AWS HPC Blog

Explore costs of AWS Batch jobs run on Amazon EKS using pod labels and Kubecost

Last October, AWS Batch introduced support for running batch workloads on your Amazon Elastic Kubernetes Service (Amazon EKS) clusters, and today we are excited about releasing support for adding pod labels within your EKS job definitions. One of the uses for pod labels is to being able to track which job pods ran on which nodes in order to track the cost of these jobs.

Since AWS Batch workloads on Amazon EKS usually leverage a pre-existing cluster that may be shared with other workloads, determining the resources used by AWS Batch pods can be a challenge. This is where Kubecost shines, as it provides Amazon EKS customers with the ability to accurately track Kubernetes resource level costs by namespace, cluster, pod, or organizational concepts (e.g., by team or application) and that includes pods running AWS Batch jobs. Our collaboration with Kubecost provides customers a way to install Kubecost via a Helm chart, or as an EKS add-on as part of their AWS Marketplace offering.

By default, AWS Batch launches pods with the following labels:

  • amazonaws.com/compute-environment-uuid – The UUID of the Batch compute environment.
  • amazonaws.com/job-id – The UUID of the Batch job corresponding to the running pod.
  • amazonaws.com/node-uid – The UID of the node pods are placed on.

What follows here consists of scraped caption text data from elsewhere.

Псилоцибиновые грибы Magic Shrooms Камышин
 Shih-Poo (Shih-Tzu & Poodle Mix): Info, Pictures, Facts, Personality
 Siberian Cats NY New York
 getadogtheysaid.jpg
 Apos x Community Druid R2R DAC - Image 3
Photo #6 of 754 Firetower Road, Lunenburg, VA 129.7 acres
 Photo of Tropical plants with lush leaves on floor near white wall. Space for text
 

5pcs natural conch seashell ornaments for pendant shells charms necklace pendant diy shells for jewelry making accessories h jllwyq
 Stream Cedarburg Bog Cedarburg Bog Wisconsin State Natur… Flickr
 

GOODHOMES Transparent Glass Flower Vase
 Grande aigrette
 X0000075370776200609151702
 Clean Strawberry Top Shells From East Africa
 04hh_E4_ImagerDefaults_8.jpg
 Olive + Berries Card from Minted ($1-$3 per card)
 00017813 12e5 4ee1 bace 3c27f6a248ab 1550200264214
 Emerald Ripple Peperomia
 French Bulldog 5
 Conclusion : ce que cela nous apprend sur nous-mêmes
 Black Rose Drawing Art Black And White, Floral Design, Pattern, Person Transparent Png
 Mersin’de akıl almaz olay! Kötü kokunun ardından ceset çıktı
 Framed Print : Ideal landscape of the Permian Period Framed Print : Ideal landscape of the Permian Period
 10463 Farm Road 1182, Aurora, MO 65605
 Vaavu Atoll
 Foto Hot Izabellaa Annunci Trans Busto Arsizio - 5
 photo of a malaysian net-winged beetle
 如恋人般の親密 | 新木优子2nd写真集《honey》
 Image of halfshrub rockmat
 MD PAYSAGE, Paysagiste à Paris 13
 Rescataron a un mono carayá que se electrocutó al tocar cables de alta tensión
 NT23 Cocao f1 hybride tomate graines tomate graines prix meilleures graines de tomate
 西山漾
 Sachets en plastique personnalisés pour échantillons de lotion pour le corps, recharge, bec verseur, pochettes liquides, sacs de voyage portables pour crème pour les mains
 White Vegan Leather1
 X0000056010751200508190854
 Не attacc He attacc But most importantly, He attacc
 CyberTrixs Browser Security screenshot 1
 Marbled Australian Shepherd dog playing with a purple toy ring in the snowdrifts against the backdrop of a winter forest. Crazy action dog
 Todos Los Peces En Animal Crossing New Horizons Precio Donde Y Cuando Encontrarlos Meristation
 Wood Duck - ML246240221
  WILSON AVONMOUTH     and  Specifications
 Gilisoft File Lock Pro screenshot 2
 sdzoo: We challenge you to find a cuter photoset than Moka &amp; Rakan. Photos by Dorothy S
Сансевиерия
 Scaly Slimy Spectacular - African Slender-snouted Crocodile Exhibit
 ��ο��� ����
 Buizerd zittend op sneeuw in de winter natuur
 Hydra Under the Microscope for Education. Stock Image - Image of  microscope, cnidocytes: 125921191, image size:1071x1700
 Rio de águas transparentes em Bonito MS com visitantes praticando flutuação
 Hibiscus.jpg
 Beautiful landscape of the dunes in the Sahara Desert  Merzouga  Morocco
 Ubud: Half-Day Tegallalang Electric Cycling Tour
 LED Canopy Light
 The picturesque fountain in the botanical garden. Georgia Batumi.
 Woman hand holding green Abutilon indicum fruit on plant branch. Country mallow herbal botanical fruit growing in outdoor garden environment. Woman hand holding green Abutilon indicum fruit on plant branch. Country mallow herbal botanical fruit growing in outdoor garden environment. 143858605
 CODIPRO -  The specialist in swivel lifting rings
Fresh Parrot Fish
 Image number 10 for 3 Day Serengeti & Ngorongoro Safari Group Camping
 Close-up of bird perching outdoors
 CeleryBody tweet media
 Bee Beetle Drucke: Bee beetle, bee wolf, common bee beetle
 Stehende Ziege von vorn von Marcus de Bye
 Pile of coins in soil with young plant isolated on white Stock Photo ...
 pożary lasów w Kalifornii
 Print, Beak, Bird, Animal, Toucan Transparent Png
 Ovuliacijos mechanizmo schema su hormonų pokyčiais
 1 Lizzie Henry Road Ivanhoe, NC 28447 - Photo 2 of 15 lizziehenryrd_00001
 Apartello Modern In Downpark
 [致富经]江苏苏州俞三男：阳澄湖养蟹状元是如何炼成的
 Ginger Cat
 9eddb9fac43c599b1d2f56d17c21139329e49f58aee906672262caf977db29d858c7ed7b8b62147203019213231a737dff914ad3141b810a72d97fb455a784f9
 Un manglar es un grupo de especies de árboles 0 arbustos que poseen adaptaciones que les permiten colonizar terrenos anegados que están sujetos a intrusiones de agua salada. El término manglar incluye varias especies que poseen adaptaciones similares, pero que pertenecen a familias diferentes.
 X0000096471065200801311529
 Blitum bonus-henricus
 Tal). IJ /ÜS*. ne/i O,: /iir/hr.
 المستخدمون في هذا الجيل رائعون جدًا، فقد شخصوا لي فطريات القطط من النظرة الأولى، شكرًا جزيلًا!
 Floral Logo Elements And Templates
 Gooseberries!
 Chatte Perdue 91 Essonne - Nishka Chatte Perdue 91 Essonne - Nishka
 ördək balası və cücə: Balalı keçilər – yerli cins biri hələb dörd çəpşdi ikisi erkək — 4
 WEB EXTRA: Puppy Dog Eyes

While these are already useful for use with Kubecost, the addition of pod labels to jobs opens up many more possibilities, such as tagging jobs by workload, project, or a group within your organization. You can define custom pod labels that conform the Kubernetes pod label specification using the metadata section of the eksProperties / podProperties request when registering job definitions, or the eksPropertiesOverride / podProperties when submitting jobs. Here is an example JSON defining a few labels we will use in Kubecost.

"podProperties": {
  "metadata": {
    "labels": {
      "batchQueue": "batch-eks-JQ",
      "batchComputeEnv": "batch-eks-CE",
      "batchUser":"maxime",
      "jobName":"monte-carlo-run",
      "project":"simulations"
    }, 
  }
  # other podProperties objects …
}

Let’s take a look at some examples of the types of cost reporting you can get from Kubecost.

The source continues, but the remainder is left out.